First let's get some basic libraries and functions set up:

import collections
from itertools import islice
import math
import random
import string

import pandas as pd
import matplotlib.pyplot as plt

# Helper function we'll use to preview dictionaries
def take(n, iterable):
    return list(islice(iterable, n))

# Get all the text from a file, converting to lowercase
#   and removing everything except letters and spaces
def get_simple_text(filename):
    with open(filename) as file_in:
        all_text = file_in.read()
    # Remove all punctuation + numbers
    out = []
    for c in all_text.lower():
        # Make sure we don't add double spaces
        if c in (' ', '\n', '\t', '\r'):
            if out and out[-1] != ' ':
                out.append(' ')
        if c in string.ascii_lowercase:
            out.append(c)
    return ''.join(out)

Now we'll read in our two books: Alice's Adventures in Wonderland and Frankenstein.

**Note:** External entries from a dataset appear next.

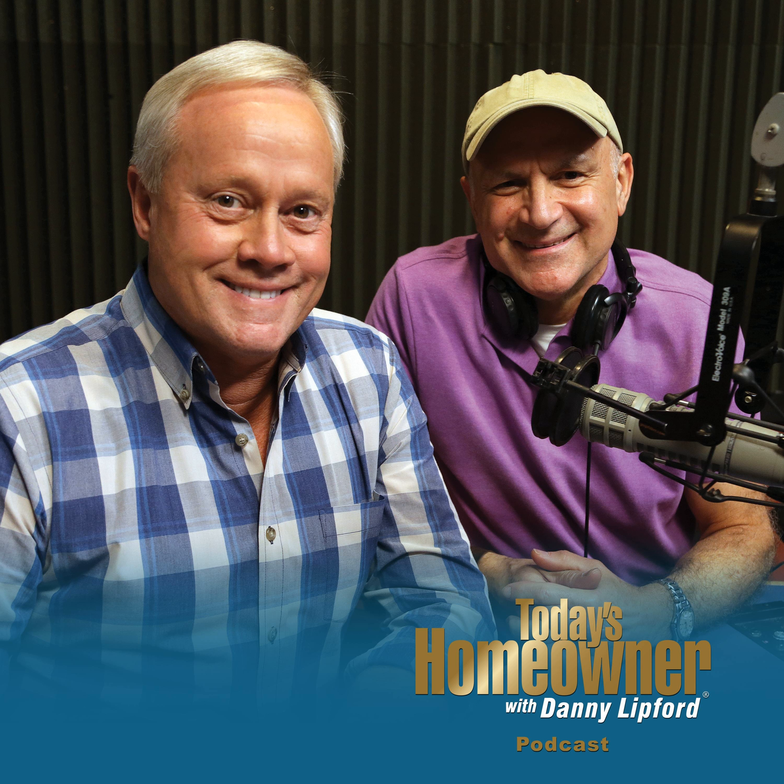The number one cause of water heater failure is sediment buildup in the tank. This is Danny Lippert with tips for today's homeowner. Stay tuned and we'll talk about how to remove that sediment right after this.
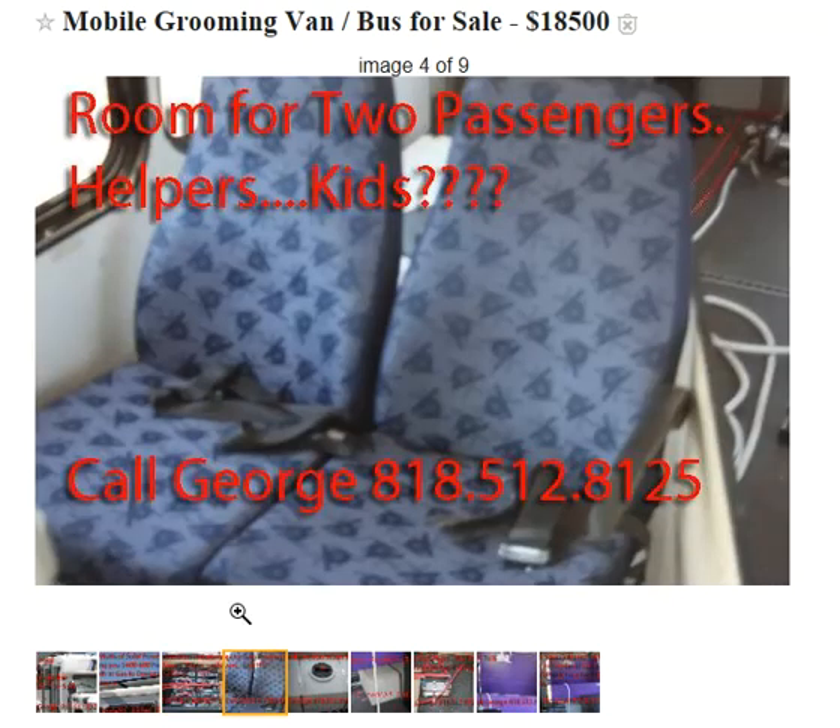What this bus comes with — we left one bench seat in here. So if you have kids or employees, you take them with you, no problem. There are two seatbelts here. You can buckle them up and keep going.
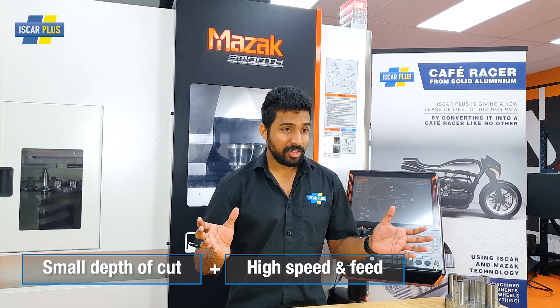But now we've got indexable high feed cutters from Iscar. These, my friends, are the two small diameter indexable fast feed cutters from Iscar — the NAND 3F and the Micro 3F. Let's have a look at this one for starters.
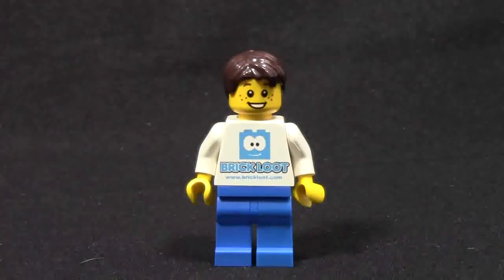Hey everybody, bricklover18 here today with a Brick Loot exclusive January 2015 minifigure review. For those that don't know what Brick Loot is, they are a monthly subscription box for LEGO and other brick products. Their motto is 'the monthly box filled with the loot for the ultimate brick fan.' Their website is www.brickloot.com and they are also on many social media sites with the handle and hashtag 'Brick Loot,' including YouTube, Twitter, and Instagram.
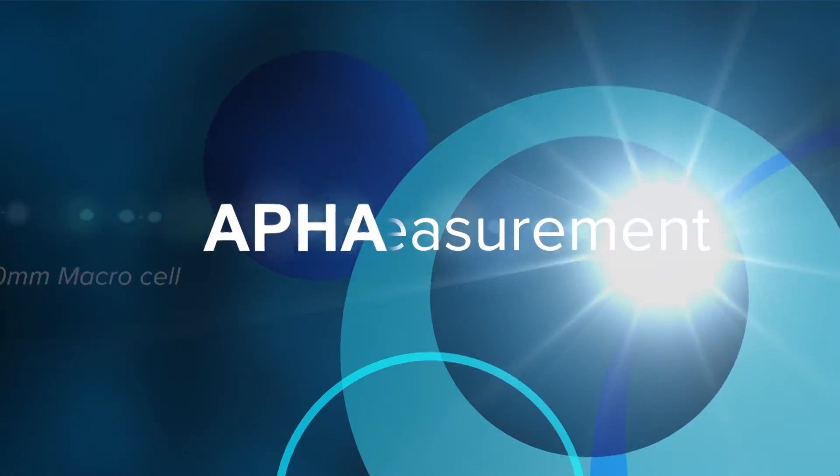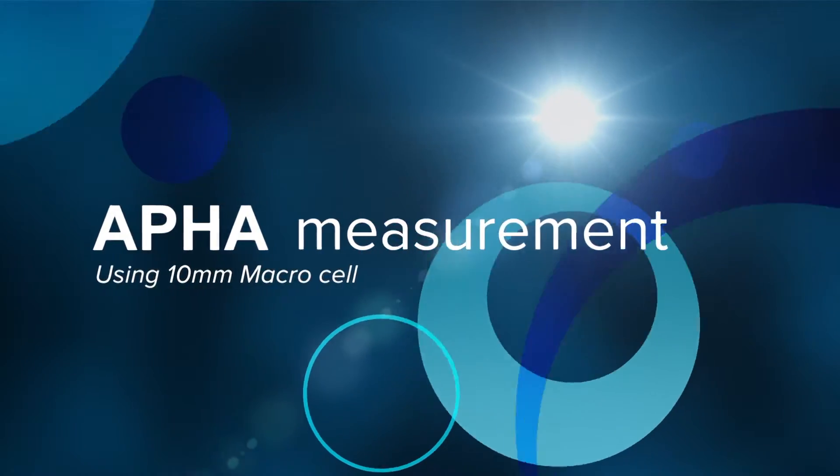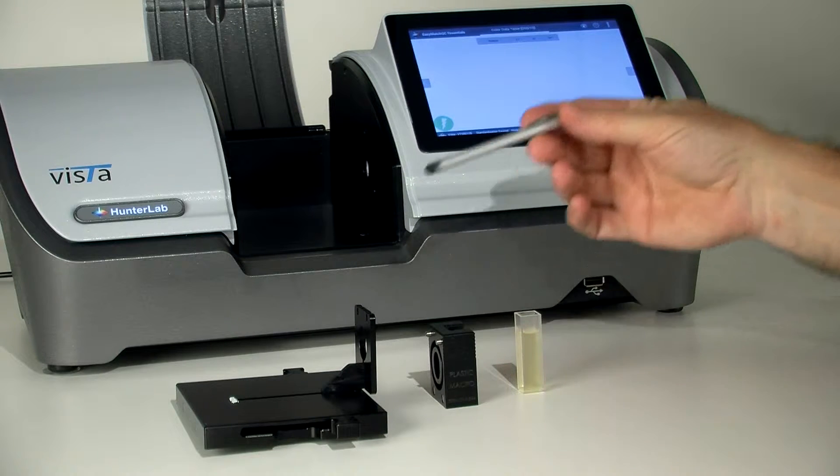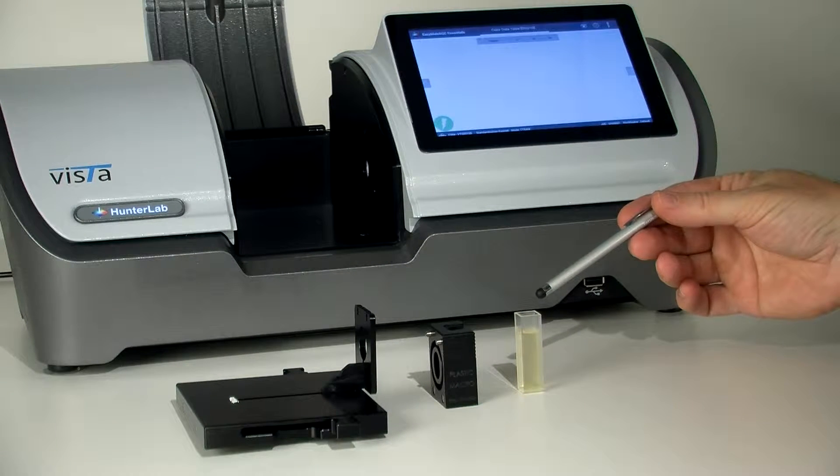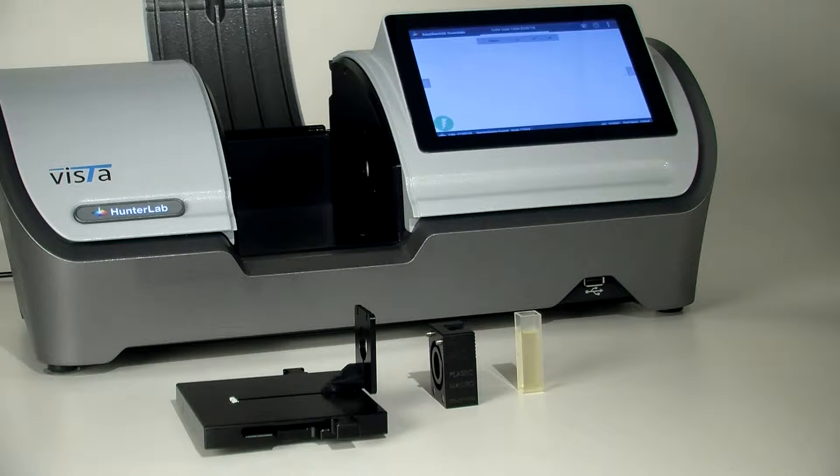This video demonstrates how to measure APHA using the film and cell holder base plate, macro cell holder, and a 10 millimeter cell. Make sure the instrument has been standardized using distilled water in the same size and type cell used for your samples.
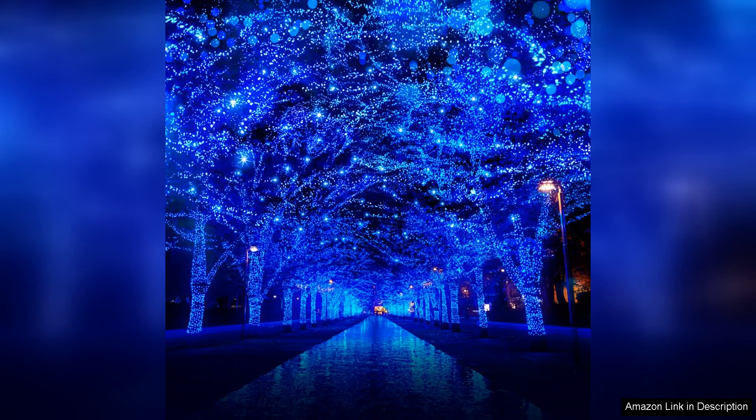Overall, the 66ft 200 LED blue Christmas lights exceeded my expectations in terms of quality, brightness and versatility. They truly transform my home into a winter wonderland. Whether you're looking to enhance your holiday decor or need a vibrant lighting option for any celebration, these lights are an excellent investment. Highly recommend them for anyone seeking a reliable and festive lighting solution.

alice = get_simple_text('alice.txt')
frank = get_simple_text('frank.txt')
print(alice[1012:1105])
print(frank[3000:3100])

the hot day made her feel very sleepy and stupid whether the pleasure of making a daisychain 
rks in a little boat with his holiday mates on an expedition of discovery up his native river but su

After that, it's time to set up an encryption key. We'll map each letter in the alphabet randomly to another letter:

def make_random_key():
    out_letters = list(string.ascii_lowercase)
    random.shuffle(out_letters)
    key = dict(zip(string.ascii_lowercase, out_letters))
    return key

encrypt_key = make_random_key()
take(5, encrypt_key.items())

[('a', 'b'), ('b', 'a'), ('c', 'c'), ('d', 'f'), ('e', 'u')]

And we'll encrypt Alice's Adventures in Wonderland:

# encrypting and decrypting both work the same
#   way except the key is reversed, so we won't
#   define a separate encrypt method
def decrypt(code, key):
    trans = str.maketrans(key)
    return code.translate(trans)

alice_encrypted = decrypt(alice, encrypt_key)
alice_encrypted[1012:1105]

'wlu lpw fbn ibfu luy juuh suyn xhuutn bvf xwztof kluwluy wlu thubxzyu pj ibeovq b fboxnclbov '

The probability of a string

Now we'll use Frankenstein to estimate English letter and bigram probabilities.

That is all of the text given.